For decades now, urban dwellers, especially those living in Accra, Kumasi and Takoradi have been carrying jerry cans, which were recently christened 'Kufuor gallon', searching for water from all sources due to the scarcity of the commodity.
The World Bank (WB), apparently worried over the development, voted a whopping $153 million in 2004 to help the government of Ghana solve the problem and make water available all year round to the people.
Unfortunately, due to administration bottlenecks, only $73 million, out of the budgeted $153 million has been disbursed since 2005, when the first tranche of the money was released. Information pieced together by The Chronicle indicates that the government, realising that the pipes carrying treated water to various homes in the cities were inadequate, whilst the existing ones were rusty, approached the WB for assistance to lay new pipes and also replace the outdated ones in the system.
The bank agreed to the proposal, and on July 27, 2004, approved US$153 million to execute the project. Per the agreement, the project should be executed within six years, with the closing date fixed at December 31, 2010.
The Project Development Objectives, according to the World Bank office in Accra, were to (i) significantly increase access to the piped water system in Ghana's urban centers, with an emphasis on improving access, affordability and service reliability to the urban poor; and
(ii) restoring long-term financial stability, viability and sustainability of the Ghana Water Company Limited.
Under the terms of the agreement, Ghana was to do all the paper work, and submit them to the bank, and if approved, the amount would be released. It was through this that the WB released $73.4 to execute aspects of the project.
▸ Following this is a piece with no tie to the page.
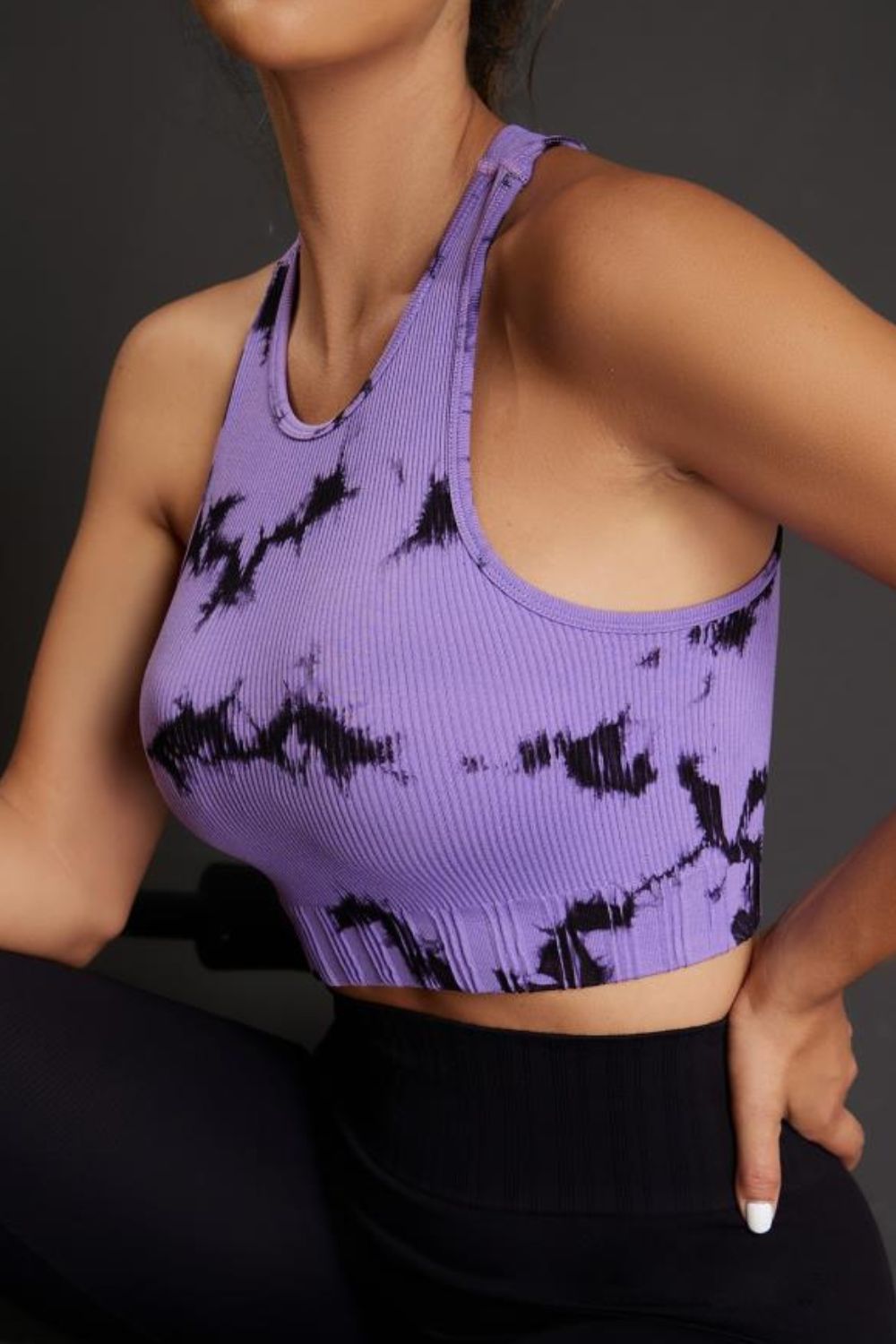 Tie-dye Cropped Round Neck Tank Top - Aurelia Clothing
The Chronicle, however, gathered that because Ghana failed to meet the strict conditions for the release of the funds, the project that should have ended in 2010, has now been extended to 2015, whilst the struggle for potable water in the urban centres continues unabated. The cost of the project has also ballooned from $153 million to $203 million.
A source at the World Bank office in Accra told The Chronicle that even though he was not holding brief for the Ghana Water Company, the implementing agency, a number of factors have contributed to the delay in the execution of the project.
According to him, the implementing agency first has to appoint a consultant to design the project, open tenders to select a suitable company or companies to execute the project, and do pre-qualification before the actual work starts. All these, he argued, takes time.
The source also noted that when the tenders for the various aspects of the project were opened, it was discovered that the contractors had quoted figures which were higher than what the World Bank was prepared to pay. The government, therefore, had to re-negotiate with the bank for an additional $50 million, which shot the cost of the project to $203 million.
He, nevertheless, partially blames the government for contributing to the delay. According to the source, the decision by the government to review the Procurement Act, meant that procurement for the project would delay.
The Ghana Water Company has already secured a loan from China to expand the Kpong Headworks to increase the capacity of the facility from the current 44 to 88 million gallons per day. The project, which is estimated to cost $273 million, is scheduled for completion in 2015.